In preferred form, a lever 310 is pivotally attached at its upper end to the machine frame. Its lower end 312 is located within a space defined between frame member 314 and a thin strap of metal 316 that at its ends is connected to the frame member 314. A positioning link 318 is pivotally connected at its upper end to an intermediate portion of lever 310 and at its lower end to an intermediate portion of member 302. As should be evident, a lifting of lever 310 will cause the stop gate 304 to be swung upwardly. A lowering of the lever 310 will swing the stop gate 304 downwardly. As shown by FIGS. 3 and 4, when the stop gate 304 is in its down position, the perforated corner cover 308 is in contact with the support roll 24, on the outfeed side of the roll. When the stop gate 34 is down, it holds the web 10, 34 against the support roll 34 and also holds support roll 24 against rotation.
Referring to FIG. 39, the spray nozzles 38 are atomizer type nozzles, very similar to the nozzles used in a paint sprayer. Each includes an inlet 320 for the adhesive, and an inlet 324 for atomizing air. The air is clean air delivered from a conduit 326. The adhesive comes from a storage tank 328. Clean air from a source 330 is introduced into the tank 328, for pressure feeding the adhesive out from the tank 328. A solenoid controlled off/on valve 332 is located within air line 330. A pressure regulating valve 334 is also located within the conduit 330. Pressure regulator 334 maintains the feed pressure in the tank at a predetermined level, e.g. 18 psi.
As shown by FIG. 40, the adhesive tank 238 is preferably a portable unit. It includes support legs 336 at its bottom and a handle 338 at its top. It includes a feed air inlet 340 and an adhesive outlet 342. A quick connect-disconnect type coupling 344 is provided between the feed air conduit 330 and the feed air inlet 340. In similar fashion, a quick connect-disconnect coupling 346 is provided between the adhesive outlet 342 and a delivery conduit 348 which extends to the adhesive inlets 320 for the spray nozzles 38. When the tank 238 is nearly empty the conduits 330 and 348 are disconnected from the tank 238 and the tank is picked up and carried to a source of the adhesive, for refilling.

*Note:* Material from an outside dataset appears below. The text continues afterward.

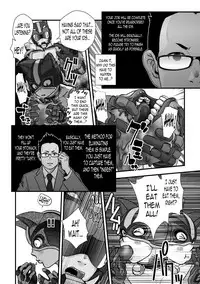 [Pagumiee (Kenta)] Tatakae!+++ (Plus-san)!! [English] [N04h] [Digital]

Each spray nozzle 38 includes a built-in off/on valve that is very similar to the off/on valve in a paint sprayer, except that it is operated by air pressure rather than by a finger control mechanism. The operating mechanisms for the off/on valves are designated 350 in FIG. 39. Lubricated air is delivered via a conduit 352 to the valve operators 350. The valves are closed when the air pressure is off. When air pressure is introduced into conduit 352 and delivered to the operators 350 it opens the valves and allows the air to atomize the adhesive and deliver it via the spray nozzles 38 to the sheet material. Valve 332 is open and feed air is delivered to the tank 328 only when it is time to deliver adhesive to the sheet material.

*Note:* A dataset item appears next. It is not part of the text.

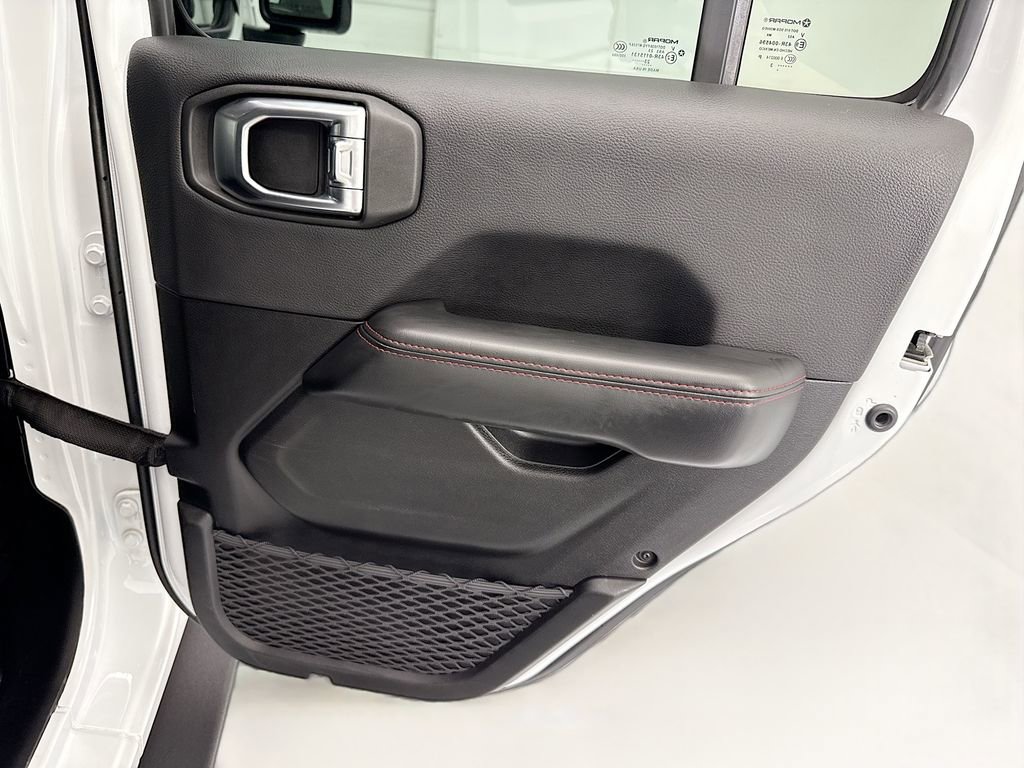 Used 2024 Jeep Wrangler Unlimited Rubicon image 26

In operation, a web 10 of sheet material from the first storage roll 16 is guided through the machine 22 to the feed rolls 12, 14. The side guides 232 (FIG. 27) are spaced apart a distance only slightly larger than the width dimension of the sheet 10.

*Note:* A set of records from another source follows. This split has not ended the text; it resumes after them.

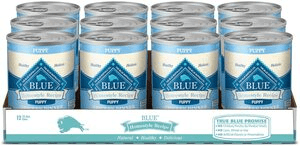 Blue Buffalo Wet Dog Food
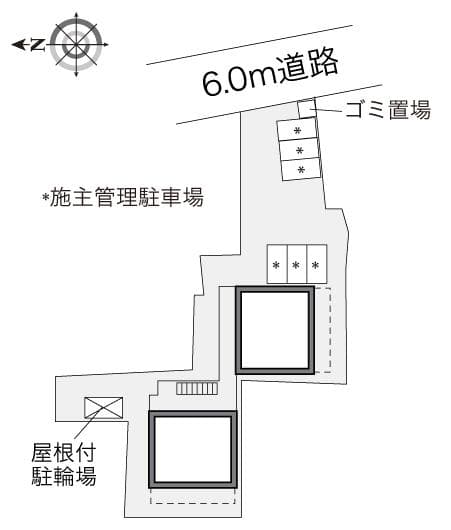 Preview interior of leopalace Kamojiya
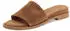 Tamaris Pantolette Echtes Leder (1-1-27213-26) braun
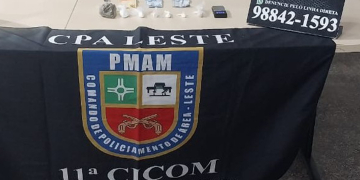 Foto: Divulgação/ PMAM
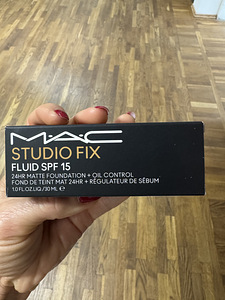 Mac Jumestuskreem (3 foto / 4)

The feed rolls 12, 14 feed the web 10 from the storage roll 16 until the storage roll 16 is almost empty. Then, while feeding of web 10 is continuing, the air cylinders 162 are operated to move the feed roll 30 downwardly, to form the loop L. Then, air is delivered to the cylinders 284 for the purpose of moving the hold-down finger assembly 276 downwardly. As earlier explained, the lower end portions 282 of the hold-down fingers 278 form gaps between themselves and the leading portion of the support roll 64 which is slightly larger than the thickness dimension of the web 10. The hold-down fingers 278 prevent the web 10 from rising and/or slipping back upon retraction of the loop forming roll 30.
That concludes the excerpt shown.